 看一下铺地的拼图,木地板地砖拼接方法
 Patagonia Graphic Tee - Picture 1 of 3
---
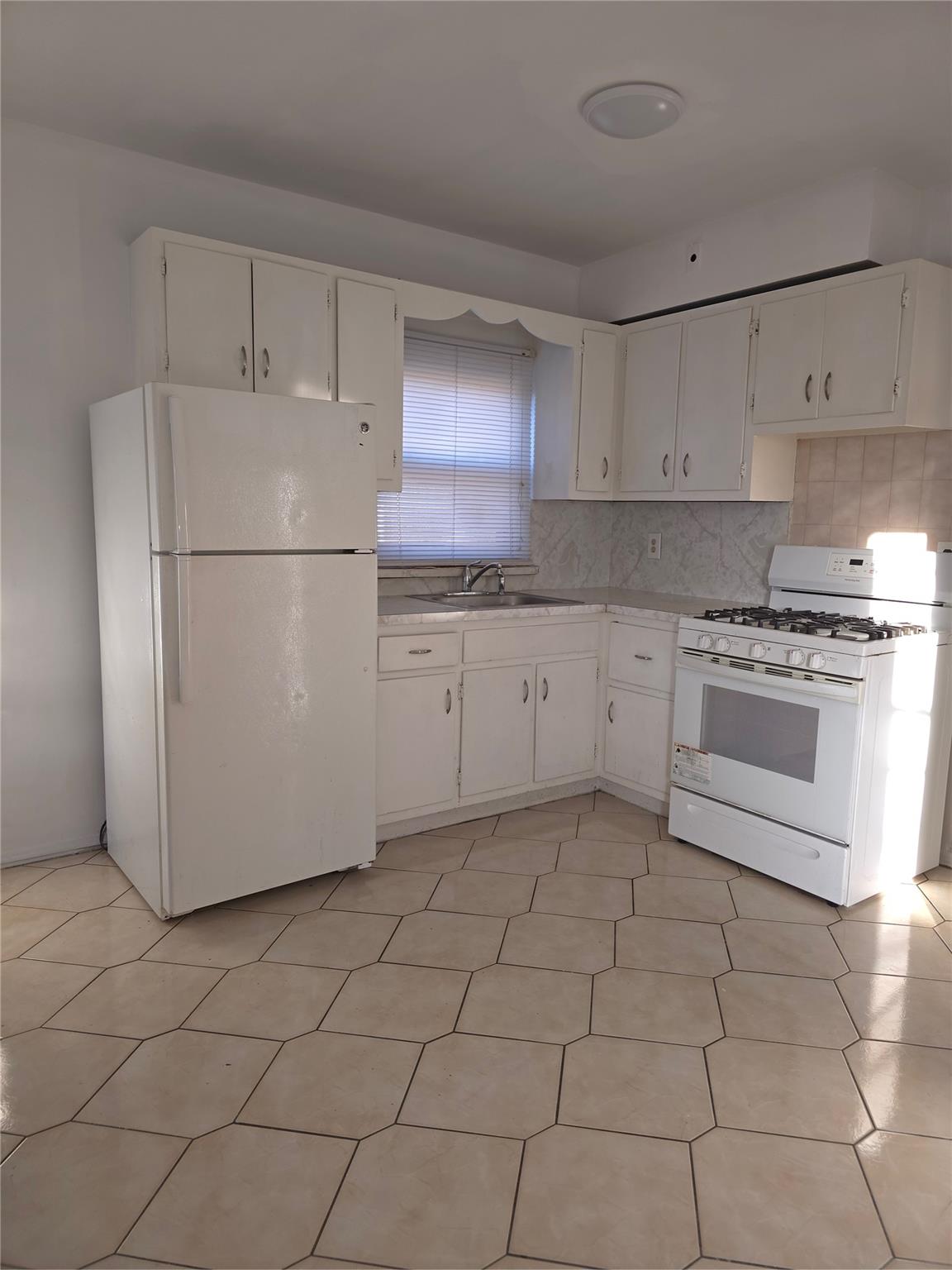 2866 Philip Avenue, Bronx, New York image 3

▶ [PROBLEM STATEMENT]
Above are the records; from them, give again exactly the lines from the one containing "看一下铺地的拼图,木地板地砖拼接方法" through the one containing "Patagonia Graphic Tee - Picture 1 of 3", both included.

▶ [OUTPUT BELOW]
 看一下铺地的拼图,木地板地砖拼接方法
 Patagonia Graphic Tee - Picture 1 of 3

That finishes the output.